Judge yourself by your own standards. Set them for yourself and live by them and then; ‘…thou cans’t be false to no man…’
But in the end it was penury which made decisions for these people. Poverty, grinding, souless poverty, wears down the best of us, and freezes;
‘…the genial current of the soul…’
And then the most quoted…
’full many a flower is born to blush unseen,
And waste its sweetness on the desert air…’
Gray’s sympathies are writ large;
How many Mozarts, Heaneys and Shakespeares have been lost to us through deliberately engineered poverty?
These people, through their circumstances were never afforded the opportunity to;
‘…wade through slaughter to a throne,
And shut the gate of mercy on mankind…’
Ambition, Gray is saying affords no mercy and believes slaughter to be a legitimate tool if its objectives are to be achieved.
Yet, away from all this;
‘…far from the madding crowd’s ignoble strife…
…they kept the noiseless tenor of their way…’
As an aside here, you might remember one of Hardy’s most memorable novels was called ‘Far from the Madding Crowd’ and that one of Ridley Scott’s early movies was ‘Paths of Glory’, all nicked from Thomas Gray.
In the end, even the most obscure people are remembered. Rough calvary’s are constructed and the unlearned peasant knows precisely how to do homage. There is no difference whatever between the death of a king and that of a penniless peasant. Only idiots make a distinction. Nobody wants to die and everybody wants to die surrounded by friends,
‘…on some fond breast the parting soul relies.

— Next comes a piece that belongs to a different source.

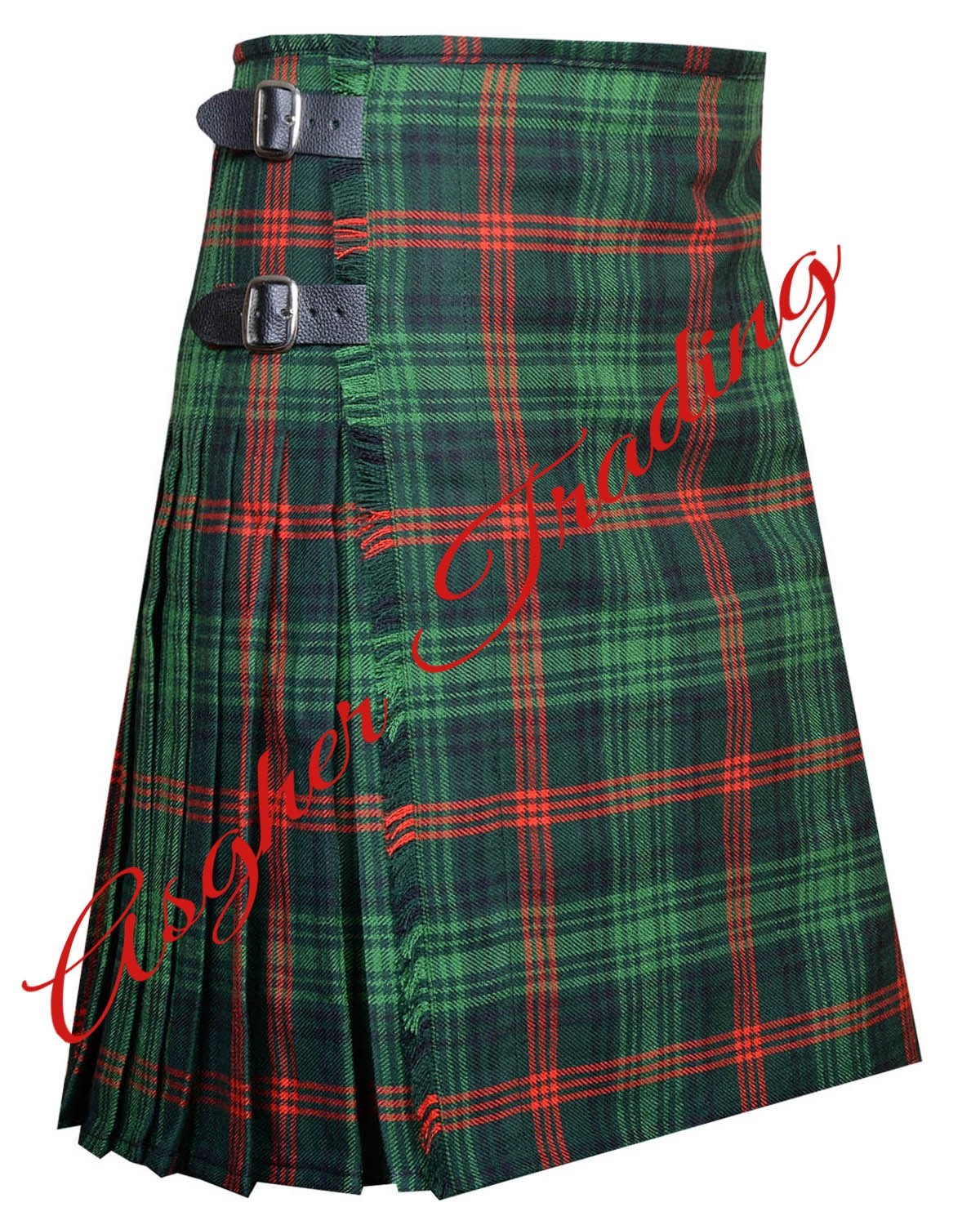 Ross Hunting Modern Tartan Kilt – Men’s Traditional 16 Oz Tartan 8 Yard Kilts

Some pious drops the closing eye requires…’ (Extreme Unction perhaps?…)
Gray quietly observes that none of us, not one of us would be here were it not for the poor.
Since time began a level of society has existed to provide the rest of us with time to think, for ambitious ideas… and poetry.

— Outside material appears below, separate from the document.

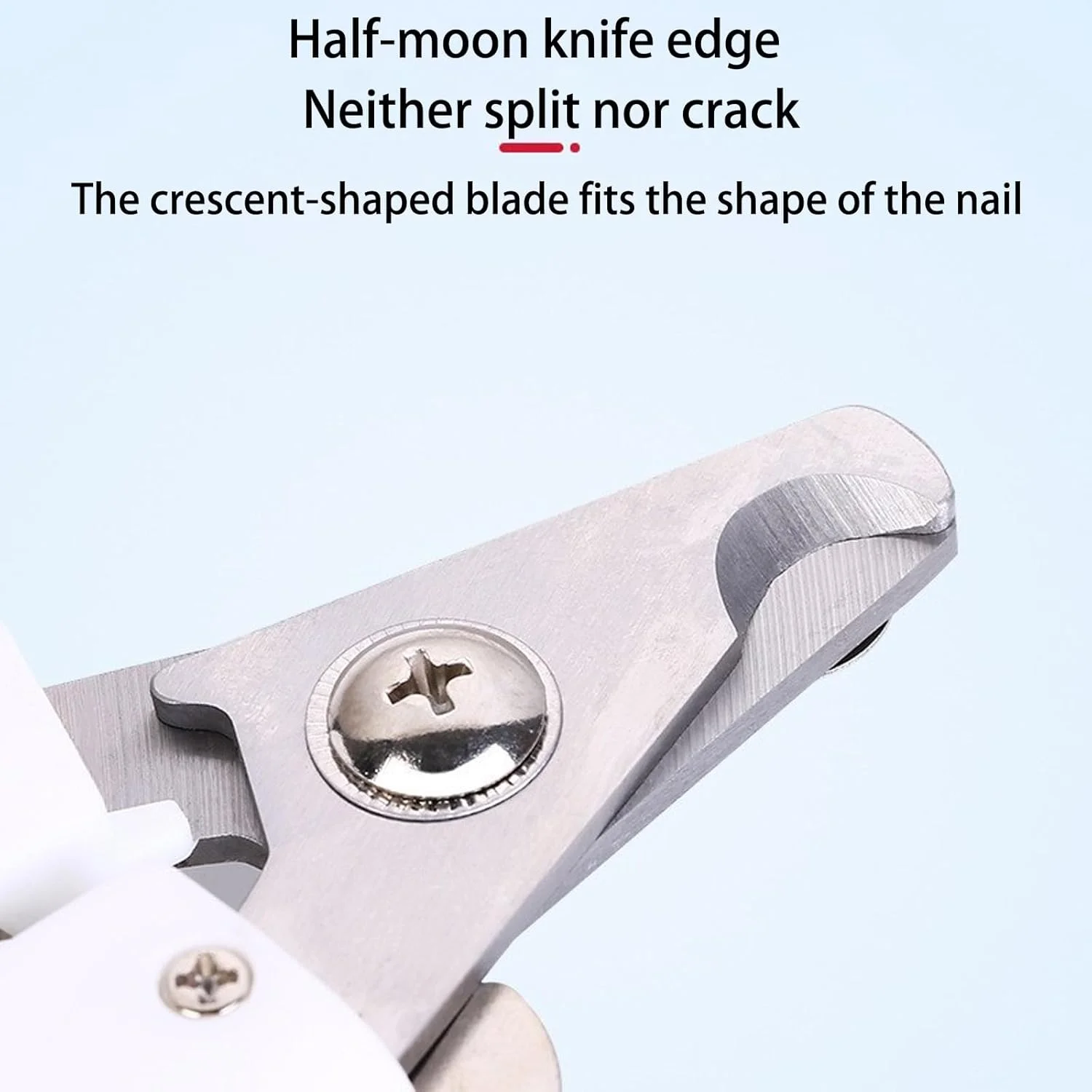 ناخن گیر گربه با سوهان برای سگ های بزرگ و کوچک، ابزار اصلاح ملایم و ارگونومیک ناخن حیوانات خانگی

Then Gray rounds the poem off by having some ‘hoary headed swain’ observe that although he has seen Gray many times about the place, walking in the early morn, or sitting and ranting on to himself under a tree, he has not seen him of late about his usual haunts.
Like everybody else, Gray knows Gray will die and, conveniently, before this happens, he provides his own epitaph.
The Epitaph generally says he wasn’t a bad chap, taken for all and all.
He was in fact, quite a bit more than that.
Gray’s poetry caused a sensation at the time and quite changed how poetry was written.
We shall not look upon his like again.